Sollte von Hundekot gesundheitliche Gefahren für den Menschen ausgehen, müssten die Behörden sofort tätig werden. Eine solche Gefährdung liegt aber nicht vor (Landratsamt Garmisch-Partenkirchen hebt Badeverbot für Hunde auf). Durch Hunde übertragene Salmonelleninfektionen sind praktisch unbekannt. Und jedes Lebewesen produziert Kot. Der Mensch übrigens mit Abstand am meisten und diesen ebenfalls mit Salmonellen und Würmern. Vielleicht fragt Bild demnächst, wieviel Kot Türken oder Vietnamesen produzieren?
Methode Stürmer:
Probleme aus dem Zusammenhang reißen und verabsolutieren als angebliches Charakteristikum einer Minderheit:
Bild:
“Dazu die vielen Beiß-Attacken (660 allein gegen Menschen) 2010.”
Woher Bild diese Zahl nimmt, wird nicht gesagt.

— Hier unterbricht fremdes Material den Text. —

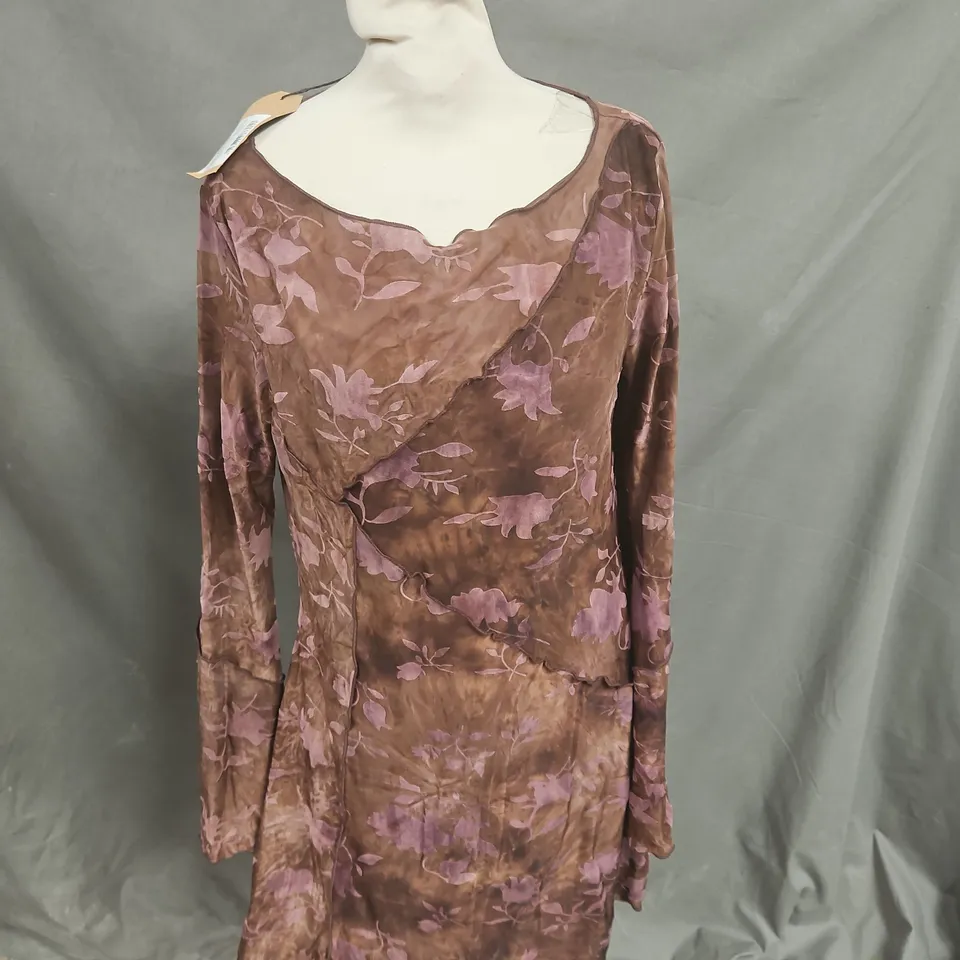 DISTURBIA BROWN FLORAL DRESS – UK 14 (US 10, EU 42)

Selbst unterstellt, sie sei richtig, so beträfe die gerade 0,4% der Hunde.
Einfache Grenzen zwischen gut und böse werden präsentiert, einfach Lösungen. Es fehlt lediglich der Aufruf zum schnellen Vollzug. Das perfide an dem Vorgehen von Bild ist, dass pauschal Hunde attackiert werden. Die Ursache von realen Problemen liegt aber zu 99% am anderen Ende der Leine. Doch um echte Fakten und Lösungen geht es Bild auch nicht. Der deutsche Pressekodex, der solche Auswüchse ächtet, gilt leider nur für Menschen.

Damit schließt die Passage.